9 Январь 2008 г.

Met's De Montebello Says `Time Is Right' to Retire (Update1)


Jan. 9 (Bloomberg) -- Philippe de Montebello, director of the Metropolitan Museum of Art in New York for three decades, said today that ``the time is right'' for him to retire because ``society and the world change faster than people in positions like mine.''

A search committee chaired by Annette de la Renta will meet for the first time today to discuss possible successors, James Houghton, chairman of the museum's Board of Trustees said at a press conference. Committee members include Shelby White, who, along with her late husband, Leon Levy, donated $20 million for the museum's new Greek and Roman galleries, and board members Cynthia Polsky and Robert Joffe, a partner at New York law firm Cravath Swaine & Moore.

Museums are facing challenges ranging from escalating art prices, which hinder them from expanding their collections, to instability in the financial markets that may affect donations.

``The Met is a huge ship and it's not going to turn like a little yacht,'' de Montebello, 71, told Bloomberg television after the conference. ``We are not going to do U-turns in policies, but one must adapt to a changing society.''

Van Eyck Favorite

Asked by Bloomberg News at the conference which objects he would take home from the museum if he could, de Montebello picked Jan van Eyck's painting of the crucifixion of Christ, which dates from around 1430, and Jean Antoine Watteau's early 18th century ``Mezzetin,'' which shows a commedia dell'arte musician strumming a guitar.

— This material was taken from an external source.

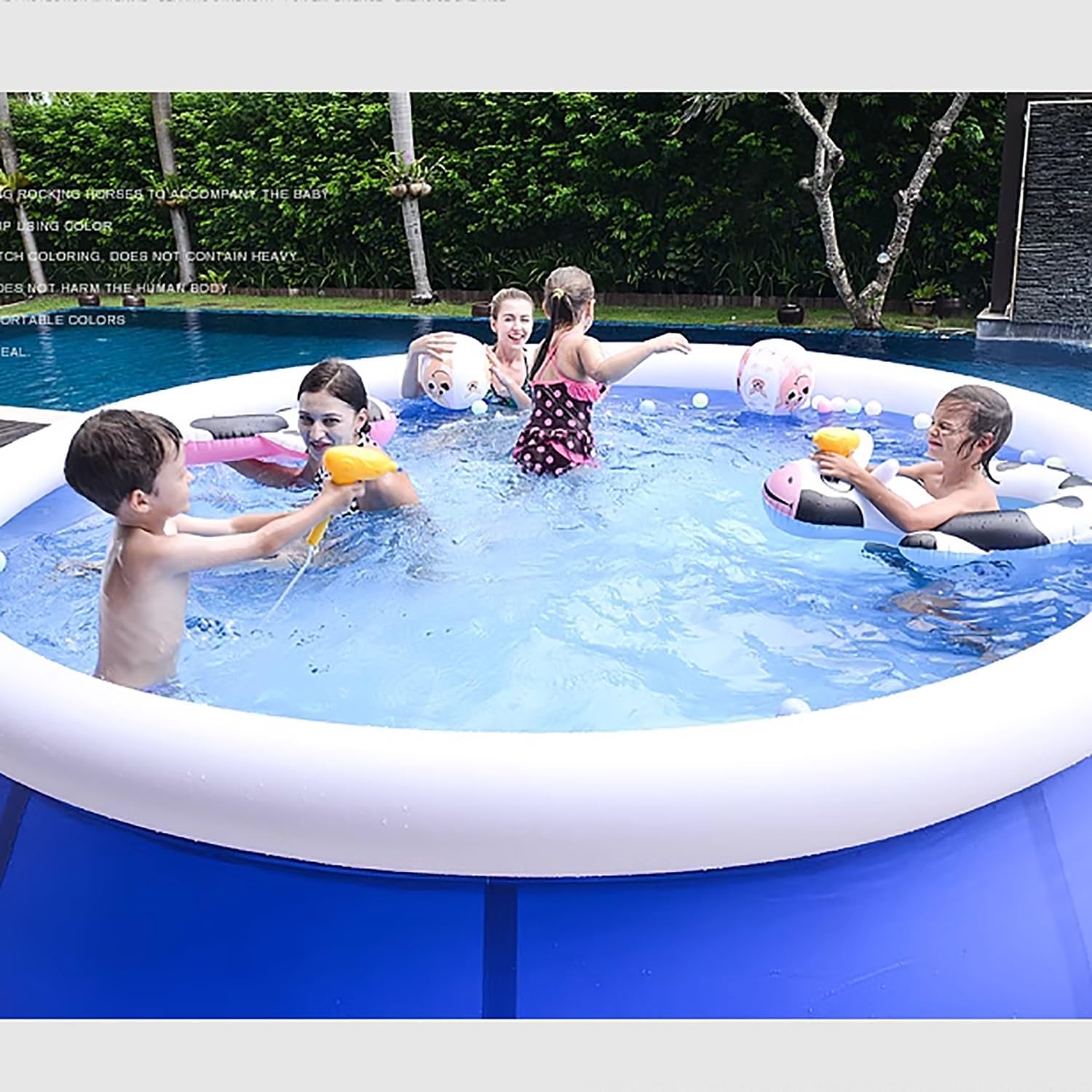 Above Ground Inflatable Swimming Pool Set Large Baby and Toddler Swimming Pool for Kids for Outdoor, Garden, Backyard, Lawn, Summer Water Party(183x76cm/6x2.5ft)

``This place is just so full of wonderful things. I could go on and on,'' he said.

The committee will use a search firm to ``sort out the chaff'' before picking a successor, who ``should be a serious art scholar with administrative ability,'' Houghton said in an interview after the conference in the museum's Ruth and Harold D. Uris Center for Education.

Candidates range from James Cuno, director of the Art Institute of Chicago, to Museum of Modern Art Director Glenn D. Lowry and Neil MacGregor, director of the British Museum, according to reports by Bloomberg and other news organizations.

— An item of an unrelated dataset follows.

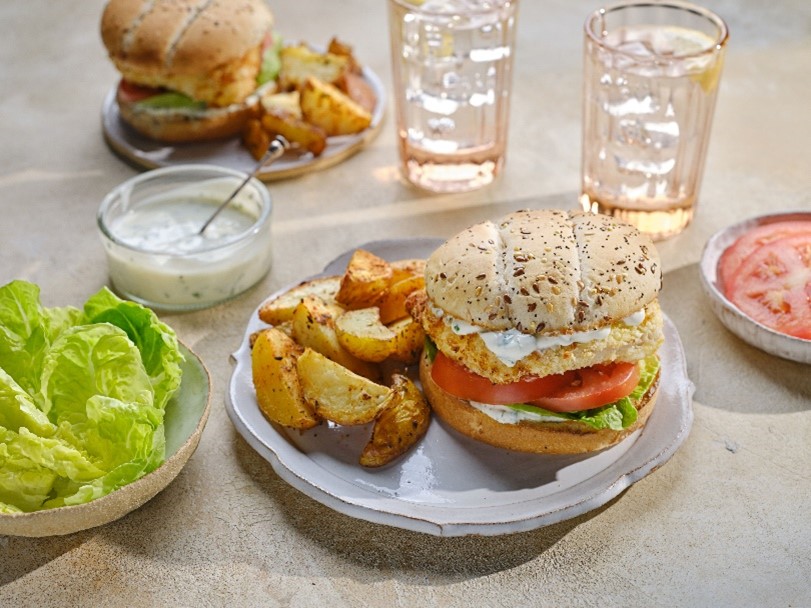 Air-fried Haddock Burgers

``I hope the search committee will also take a careful look at talented staff inside,'' said Lisa Dennison, former director of the Guggenheim Museum, who is now with auction house Sotheby's. Emily Rafferty, the museum's president, and Gary Tinterow, one of the curators, should be candidates, Dennison said in a telephone interview today.

Looted Objects

De Montebello almost doubled the museum's size with the addition of new wings and gallery space for European sculpture, 20th-century art and classical antiquities.

``His commitment to the proper display of the museum's permanent collection made him a paradigm for me,'' Dennison said.

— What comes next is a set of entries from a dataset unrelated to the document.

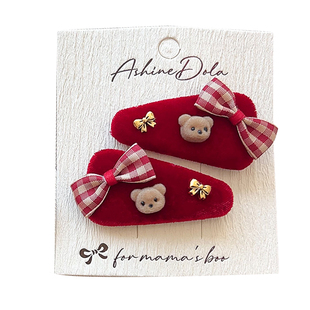 宝宝红色丝绒蝴蝶结发夹儿童侧边碎发刘海夹女孩2026新款新年头饰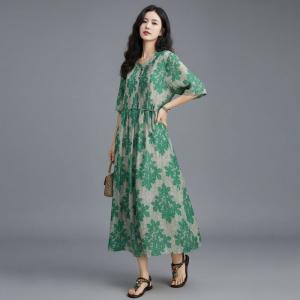 Green Flowers Loose Ramie Beach Dress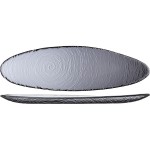 Блюдо овальное «Скейп Гласс»; стекло; L=40см; серый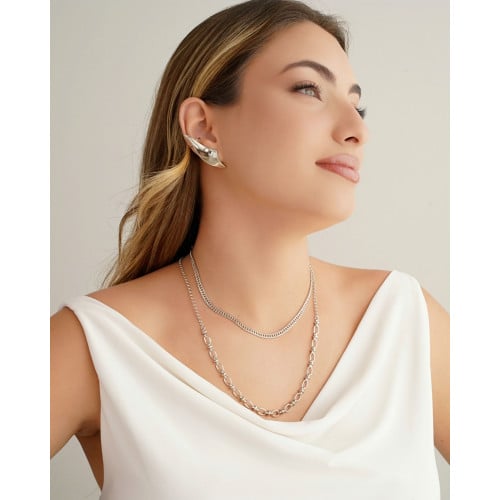 Ear Cuff Liso 4.6 cm Ródio Branco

De Montebello said he would remain until the end of 2008, or until his successor is found.

The museum's eighth and longest-serving director, de Montebello joined as a curatorial assistant in 1963 and rose through the ranks to become director in 1977. The French-born, American-educated art historian increased attendance from 3.5 million that year, to more than 5.1 million in 2000, before it dipped after Sept. 11, 2001.

About 4.6 million people visited the museum in the year ended June 2007, making it New York's biggest tourist attraction.

De Montebello's time coincided with the recent attempts by governments in Greece and Italy to recover artifacts they say were looted. The museum's prize Greek vase, the Euphronios krater, was one of the items he agreed to return in protracted negotiations with the Italian government.

Looking Forward

He was also involved in the museum's fundraising efforts. Late last year, the museum's capital campaign, guided by trustee emeritus E. John Rosenwald Jr., exceeded $1 billion, the largest in the institution's history, the museum said.

In 2006, de Montebello earned $4.7 million, the highest reported compensation among executives at U.S. nonprofit institutions, according to a Chronicle of Philanthropy survey. His compensation jumped from $533,462 in 2005 because of a one- time $4 million payment to mark his 30 years as head of the U.S.'s largest art institution.

Among the most recent expansions de Montebello oversaw was a $218 million project to double the space for works of classical antiquity. The new Greek and Roman galleries drew 4,000 visitors a day in the seven months after opening in April 2007, the museum said last month.

De Montebello said there would be time later to add up his failures and successes. ``I am of a disposition that looks forward, that tends to be optimistic,'' he said.